Thing is, ntfs_inode.name[] is an array of le16's. But local variable `i'
in there is a byte index, not an le16 index. We end up writing that 0x0000
at twice the intended offset.

So I think this was meant:

--- a/fs/ntfs/inode.c~a
+++ a/fs/ntfs/inode.c
@@ -140,7 +140,7 @@ static int ntfs_init_locked_inode(struct
if (!ni->name)
return -ENOMEM;
memcpy(ni->name, na->name, i);
- ni->name[i] = 0;
+ ni->name[na->name_len] = 0;
}
return 0;
}
_

2007-05-25 06:28:01

by Dave Young

[permalink] [raw]
Subject: Re: 2.6.22-rc2-mm1 NTFS & SLUB related fix

Hi Andrew,

> So I think this was meant:
>
> --- a/fs/ntfs/inode.c~a
> +++ a/fs/ntfs/inode.c
> @@ -140,7 +140,7 @@ static int ntfs_init_locked_inode(struct
> if (!ni->name)
> return -ENOMEM;
> memcpy(ni->name, na->name, i);
> - ni->name[i] = 0;
> + ni->name[na->name_len] = 0;
> }
> return 0;
> }
> _
>

I tested it , it doesn't work.

2007-05-25 06:44:17

by Andrew Morton

[permalink] [raw]
Subject: Re: 2.6.22-rc2-mm1 NTFS & SLUB related fix

On Fri, 25 May 2007 06:27:51 +0000 "young dave" <[email protected]> wrote:

> Hi Andrew,
>
> > So I think this was meant:
> >
> > --- a/fs/ntfs/inode.c~a
> > +++ a/fs/ntfs/inode.c
> > @@ -140,7 +140,7 @@ static int ntfs_init_locked_inode(struct
> > if (!ni->name)
> > return -ENOMEM;
> > memcpy(ni->name, na->name, i);
> > - ni->name[i] = 0;
> > + ni->name[na->name_len] = 0;
> > }
> > return 0;
> > }
> > _
> >
>
> I tested it , it doesn't work.

Surprised. Are you really sure that you had the patch applied, and that you
tested the right kernel, etc?

2007-05-25 06:48:42

by Dave Young

[permalink] [raw]
Subject: Re: 2.6.22-rc2-mm1 NTFS & SLUB related fix

Yes, I'm sure. but the patch in top post of mine works, the diffrence
is using kzalloc and remove the "ni->name[i] = 0;" line.

Regards
dave

2007-05-25 07:01:36

by Andrew Morton

[permalink] [raw]
Subject: Re: 2.6.22-rc2-mm1 NTFS & SLUB related fix

On Fri, 25 May 2007 06:48:34 +0000 "young dave" <[email protected]> wrote:

> Yes, I'm sure. but the patch in top post of mine works, the diffrence
> is using kzalloc and remove the "ni->name[i] = 0;" line.
>

Let's walk through the existing code:

i = na->name_len * sizeof(ntfschar);

now, i = na->name_len * 2

ni->name = kmalloc(i + sizeof(ntfschar), GFP_ATOMIC);

we allocated (na->name_len * 2 + 2) bytes

if (!ni->name)
return -ENOMEM;
memcpy(ni->name, na->name, i);

we copied (na->name_len * 2) bytes

ni->name[i] = 0;

here, we zero the two bytes at byte offsets ((na->name_len * 2) * 2) and
((na->name_len * 2) * 2 + 1), and that is the bug.

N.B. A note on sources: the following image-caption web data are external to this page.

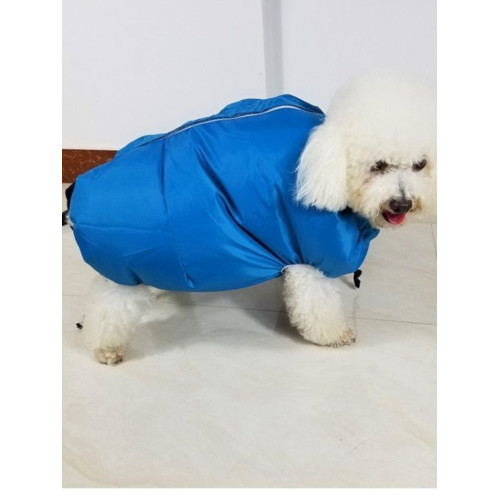 寵物狗狗自動四季通用貓咪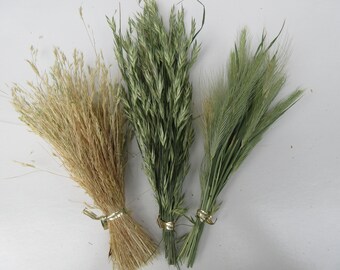 Dried grass stems bunch dry wild grass flower seeds wreath embellishment grass decoration dried wildflowers for crafts biodegradable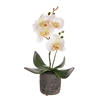 DUE MAY Potted Mini Orchid - Cream 36cm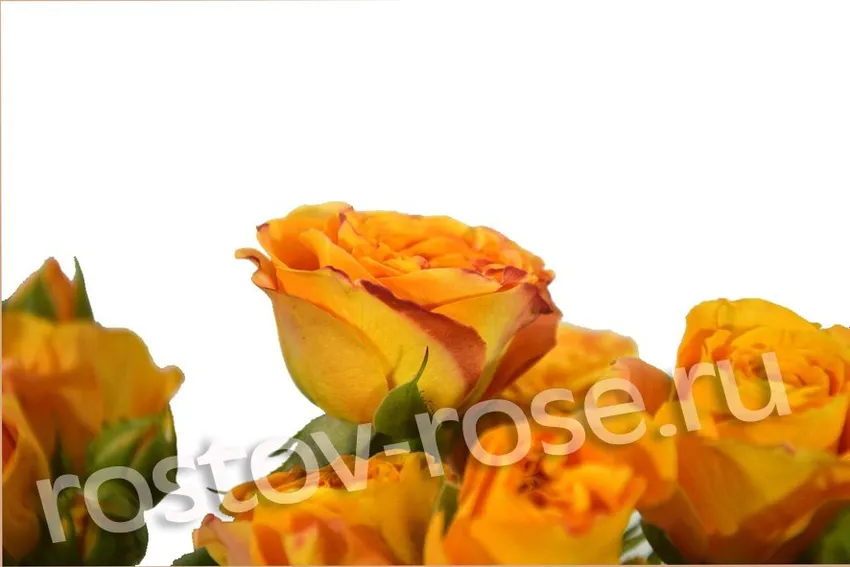 Букет кустовых роз Абеба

We _want_ to zero
the two bytes at byte offsets (na->name_len * 2) and (na->name_len * 2 + 1),
which we can do in C via

ni->name[na->name_len] = 0;

because sizeof(*(ni->name)) == 2.


So I'm still suspecting that you mistested that change.

2007-05-25 07:10:47

by Dave Young

[permalink] [raw]
Subject: Re: 2.6.22-rc2-mm1 NTFS & SLUB related fix

Hi,
I'm very sorry, andrew, you are right.
I directly modified the source and forgot remove the line ni->name[i] = 0;

Regards
dave

2007-05-25 07:18:53

by Andrew Morton

[permalink] [raw]
Subject: Re: 2.6.22-rc2-mm1 NTFS & SLUB related fix

On Fri, 25 May 2007 07:10:38 +0000 "young dave" <[email protected]> wrote:

> Hi,
> I'm very sorry, andrew, you are right.
> I directly modified the source and forgot remove the line ni->name[i] = 0;
>

Phew ;)

Thanks for checking.